If we were to get this sequence as an observed spectrum (from and MS/MS run), you would not get all of these ions. In fact, its unlikely you would get ions that cover all junctions. You may get six ions, but they may only cover four of the junction sites. However, six is enough to get a strong score. Additionally, the masses would not be exact, but slighly off. Maybe a few .001 Daltons off either above or below. You would also see quite a bit of noise. After some filtering, you may end up with 20 peaks (m/z values), but only six of them are what you want and the other 14 are noise.

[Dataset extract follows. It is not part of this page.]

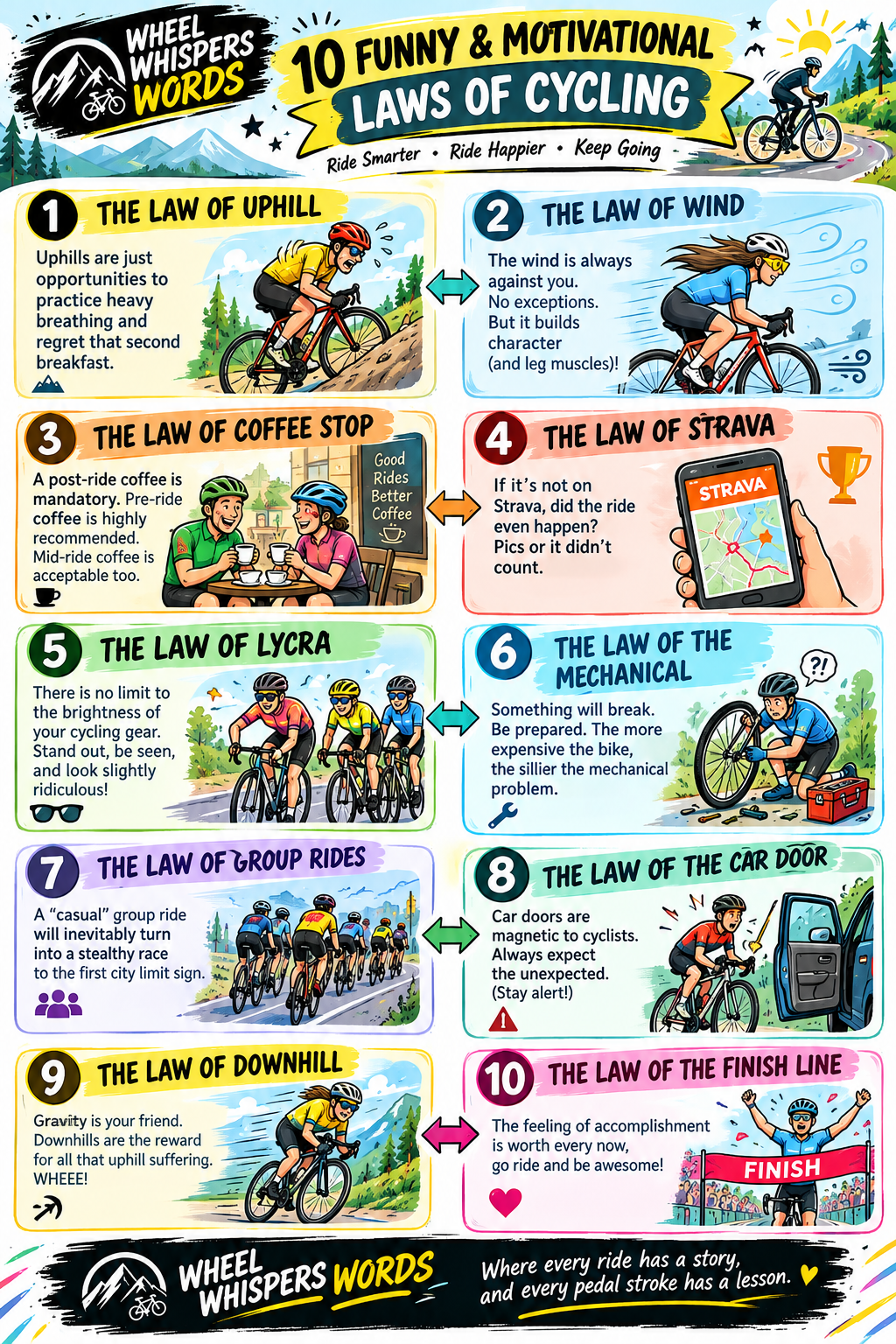 10 Funny & Motivational Laws of Cycling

They would be sorted by value with no position information encoded. What you would see is a list of 20 floating point numbers with no ordering and six m/z values in there from the above image but with some error.

intensity values¶

Intensity (or abundance) values tell us how much of an m/z value was found in the sample. Most of the tools and literature in the proteomics world use the abundances for filtering and sometimes for indicating confidence in alignments with very few actually incorporating it into their scoring algorithms. Below is how MS data is typically plotted. The x-axis is m/z, and y the intensity.

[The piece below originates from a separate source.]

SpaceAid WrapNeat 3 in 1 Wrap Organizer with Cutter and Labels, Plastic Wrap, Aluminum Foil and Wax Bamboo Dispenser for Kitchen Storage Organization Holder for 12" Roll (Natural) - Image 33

Intensity values have an incredible range. Each spectrum is different. Sometimes there will be one dominant peak, other times there will be a few large peaks. Intensity values are used to filter out noise primarily. They are parallel lists of floats to the m/z values, with index i of the abundances corresponding to the i ^th m/z value. Often the top 20 to 30 most abundant peaks (m/z values with the abundance values in the top 20) are kept.

precursor information¶

As stated earlier, precursor information entails both mass and charge. These values come from the first MS run in MS/MS. It tells us the mass of the entire observed peptide as well as the charge of it. This information is used in alignments in order to confirm or deny a sequence as a candidate peptide sequence. If we find 10 ions that match this peptide sequence, but the precursor mass is off by a few Daltons, we know this is wrong. Modern mass spectrometers are accurate enough to allow us to only accept tolerances at about 10 parts per million (ppm). For a precursor mass of 800, this would be a tolerance of .008 Daltons. Therefore, any peptide sequence we assign as an alignment to this spectrum must have a calculated precursor mass in the range of 799.992 and 800.008. With AA masses (isotopic mass) in the range of 50 to 150 , this is extreme accuracy.

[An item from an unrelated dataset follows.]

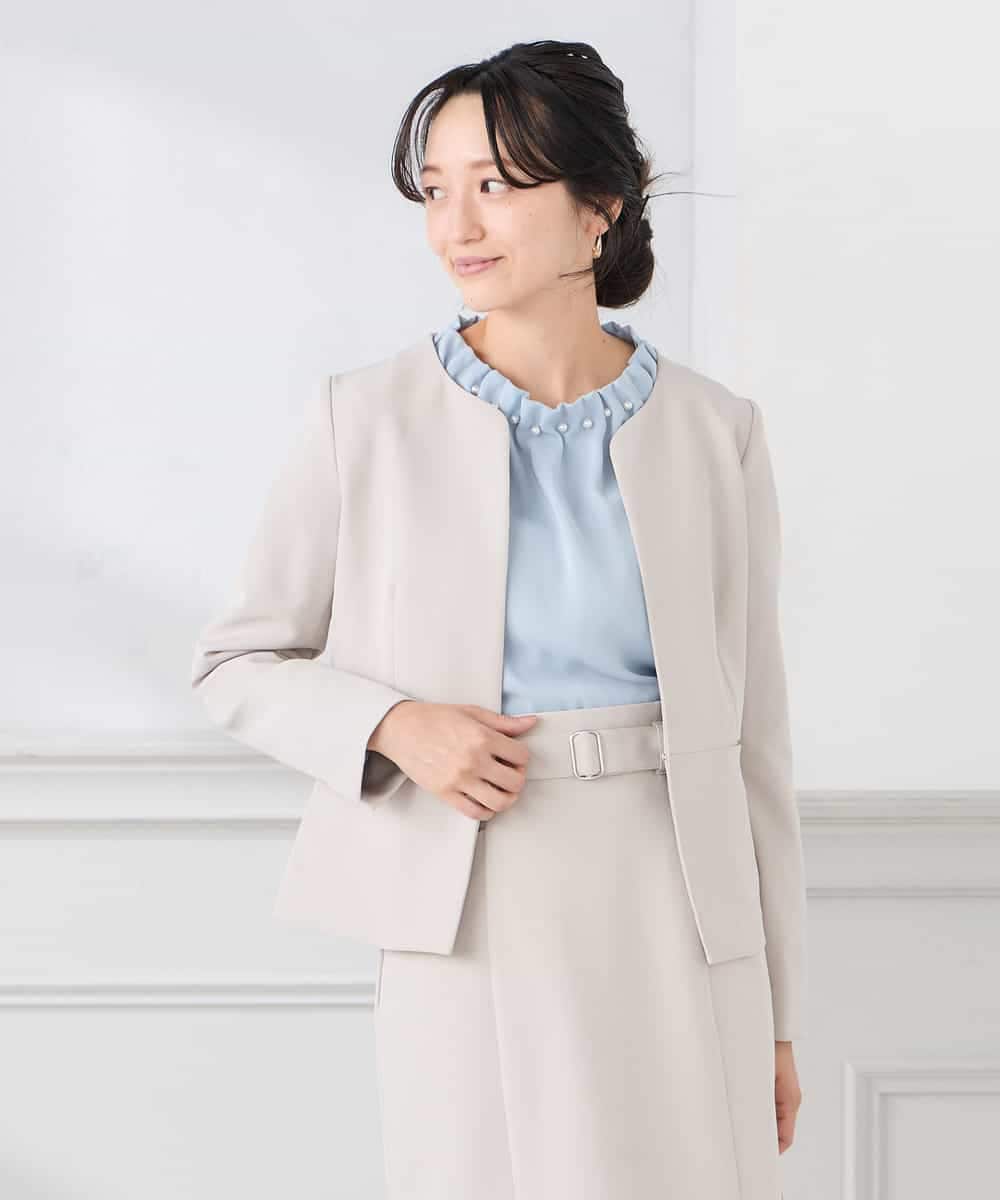 KADCD02099 a.v.v Elmi(アー・ヴェ・ヴェ) 【低身長サイズ】【洗える/ストレッチ/セットアップ対応】ダブルクロスキーネックジャケット ネイビー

How do we create an alignment?¶

There are two paradigms when it comes to making protein alignments on MS data: de novo sequencing and database search. De novo sequencing is the process of assigning AA tags to masses in a dynamic programming way. Think about the knapsack problem where the size of the knapsack is the precursor mass and the elements are the observed masses. When we can fill the knapsack, we can assign AA tags to each element in the knapsack, creating an alignment. The problem with de novo sequencing however is that is fairly inaccurate and reports high numbers of novel peptide sequences. The reason we choose to not use de novo sequencing is while we want to identify novel sequences, we want high confidence that a hybrid alignment is in fact a hybrid alignment, so we rely on database entries. For this reason, we choose database search.

Database searches are fairly straightforward. At a very high level, a database search takes an input spectrum, looks through all of the protein entries, looks through all of the subsequences of the protein, creates a theoretical spectrum and scores the observed against the theoretical. A match is then the highest scoring peptide found in the database with a theoretical precursor that falls within the allowed tolerance.

While scoring algorithms are a dime a dozen, most use the same core idea: how many ions can we match in the observed to a theoretical spectrum. If we have a peptide ABCDE with masses [100, 150, 275, 410, 475] and the observed is [100, 275, 300, 400, 475, 500], we would give this peptide a score of 3. Doing this across all possible peptides gives us an alignment.